I am regularly being asked what the eventual finish of the walls will be, so here is the answer. On the outside we shall put horizontal tongue and groove oak cladding, which will be fastened to the battens on the waterproof membrane. Inside the membrane is a sandwich of 2 sheets of 18mm thick plywood filled with polystyrene. On the inside of that will be a thin polythene sheet to act as a vapour barrier. Then more battens will be screwed on to support the internal finish of plasterboard sheets. And then there’ll be us – as snug as a bug in a rug!
Over 4 days we have made new friends, a bit of a mess (which we have cleared up) and the 9 downstairs frames which are the main structure of the our house.
Emotions have ranged from
bewilderment: just how do all these parts fit together?

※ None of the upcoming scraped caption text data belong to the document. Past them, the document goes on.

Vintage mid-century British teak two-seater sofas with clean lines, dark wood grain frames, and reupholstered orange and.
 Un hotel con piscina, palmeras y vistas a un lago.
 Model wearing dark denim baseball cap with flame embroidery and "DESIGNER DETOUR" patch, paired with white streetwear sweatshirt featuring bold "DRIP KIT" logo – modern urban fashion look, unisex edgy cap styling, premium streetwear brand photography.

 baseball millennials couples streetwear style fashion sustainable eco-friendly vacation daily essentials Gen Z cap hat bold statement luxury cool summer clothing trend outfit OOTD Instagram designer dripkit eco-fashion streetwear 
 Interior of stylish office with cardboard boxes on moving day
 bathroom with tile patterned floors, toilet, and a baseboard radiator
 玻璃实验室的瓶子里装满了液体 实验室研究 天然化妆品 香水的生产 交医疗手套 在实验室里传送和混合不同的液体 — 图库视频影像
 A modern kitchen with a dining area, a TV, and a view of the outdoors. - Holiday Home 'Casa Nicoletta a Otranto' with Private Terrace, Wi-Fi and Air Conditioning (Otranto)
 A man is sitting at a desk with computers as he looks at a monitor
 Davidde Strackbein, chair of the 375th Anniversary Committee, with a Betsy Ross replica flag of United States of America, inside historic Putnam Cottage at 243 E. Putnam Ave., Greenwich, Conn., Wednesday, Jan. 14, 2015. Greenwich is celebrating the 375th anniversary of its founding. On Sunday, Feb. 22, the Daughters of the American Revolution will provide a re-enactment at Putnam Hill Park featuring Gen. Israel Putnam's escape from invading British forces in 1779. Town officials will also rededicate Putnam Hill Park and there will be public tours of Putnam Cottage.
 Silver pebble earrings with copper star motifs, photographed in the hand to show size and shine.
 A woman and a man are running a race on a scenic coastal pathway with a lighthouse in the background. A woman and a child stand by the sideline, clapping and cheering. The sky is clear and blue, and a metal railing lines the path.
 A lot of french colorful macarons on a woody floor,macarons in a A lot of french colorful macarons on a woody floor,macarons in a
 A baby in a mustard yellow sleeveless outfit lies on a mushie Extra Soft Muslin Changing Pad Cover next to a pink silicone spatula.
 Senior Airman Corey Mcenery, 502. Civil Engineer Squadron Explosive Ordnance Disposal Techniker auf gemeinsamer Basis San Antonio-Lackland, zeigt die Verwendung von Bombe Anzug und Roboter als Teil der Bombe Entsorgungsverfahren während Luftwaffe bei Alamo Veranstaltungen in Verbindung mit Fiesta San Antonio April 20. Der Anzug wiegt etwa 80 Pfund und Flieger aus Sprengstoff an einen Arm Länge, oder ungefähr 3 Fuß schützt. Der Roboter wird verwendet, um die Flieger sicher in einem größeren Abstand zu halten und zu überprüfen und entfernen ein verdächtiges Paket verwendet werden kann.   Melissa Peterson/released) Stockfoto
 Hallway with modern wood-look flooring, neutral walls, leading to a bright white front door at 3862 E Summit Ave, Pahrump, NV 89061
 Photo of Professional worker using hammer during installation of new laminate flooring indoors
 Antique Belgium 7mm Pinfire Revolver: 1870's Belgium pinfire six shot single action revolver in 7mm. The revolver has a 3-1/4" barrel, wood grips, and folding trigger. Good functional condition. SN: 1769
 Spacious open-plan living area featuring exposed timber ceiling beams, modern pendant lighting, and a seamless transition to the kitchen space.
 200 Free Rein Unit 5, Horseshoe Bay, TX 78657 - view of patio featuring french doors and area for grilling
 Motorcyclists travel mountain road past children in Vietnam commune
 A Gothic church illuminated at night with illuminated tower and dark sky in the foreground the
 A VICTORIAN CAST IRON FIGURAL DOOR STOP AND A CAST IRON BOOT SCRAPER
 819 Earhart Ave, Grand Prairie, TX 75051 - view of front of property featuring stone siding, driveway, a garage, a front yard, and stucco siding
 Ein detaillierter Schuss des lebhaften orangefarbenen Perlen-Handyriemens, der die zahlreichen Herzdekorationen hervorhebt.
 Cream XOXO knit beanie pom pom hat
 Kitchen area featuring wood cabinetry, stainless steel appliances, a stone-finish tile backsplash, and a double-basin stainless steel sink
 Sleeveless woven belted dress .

panic: have we got enough screws? (We hadn’t, so we have now bought the entire stock of a certain screw size from 5 different Screwfix stores across the Midlands, and a B&Q, as well as ordering over 100 more boxes!)
amazement: so many people have given up an entire weekend or more to help wield mallets, cordless screwdrivers and drills to construct the frames.
pain: I was stung by a bee!
awe: the frames went from a being in a neat pile on the ground to being vertical with surprising ease.
gratitude: to everyone who has helped in any way including WI members providing cakes for the crew.
hilarity: watching Molly (one of our collies) attempting to join in!
forgiveness: I won’t mention the missing connectors which are stopping us from raising the other 5 frames!
Hopefully the impending rain won’t manage to penetrate our massive covers and we shall be able to work inside them to construct the floor.
Adding connectors to join the first 2 frames together
Mallets at the ready
Adding frame connectors
Cutting the polystyrene insulation to fit inside the frames
We now have a temporary garage full of Wikihouse panels, which will fill the gaps between the arch-shaped frames, and a polytunnel containing enough polystyrene insulation to build a very impressive model igloo village! Unloading both lorry loads in one day is certainly keeping Martin and me fit.
At the moment everything appears to be going to plan. Architecture 00 have sent us the assembly guide and we have bought 35 boxes of screws to hold all the plywood house parts together. 9 people have kindly signed up to help start the build on Saturday morning (15th Aug) with several others joining us later in the week. Despite today’s rain, the weather forecast is looking good.
Over the last week I have paid several very large bills, but we are all keeping a close eye on ‘the spreadsheet’ and we are currently just within budget still. I might yet have the central vacuum system that I’ve been hoping for.
Wikihouse panels protected from the rain
Polystyrene insulation blocks have been cut to size by Styro Tech Ltd
Exploded view of frame construction taken from manual supplied by Architecture 00
These are just some of the pieces which will fit together to build the entire frame of our house. They have been cut by CNC machine in a workshop in Sheffield. We have had 2 deliveries so far, with 2 more scheduled this week.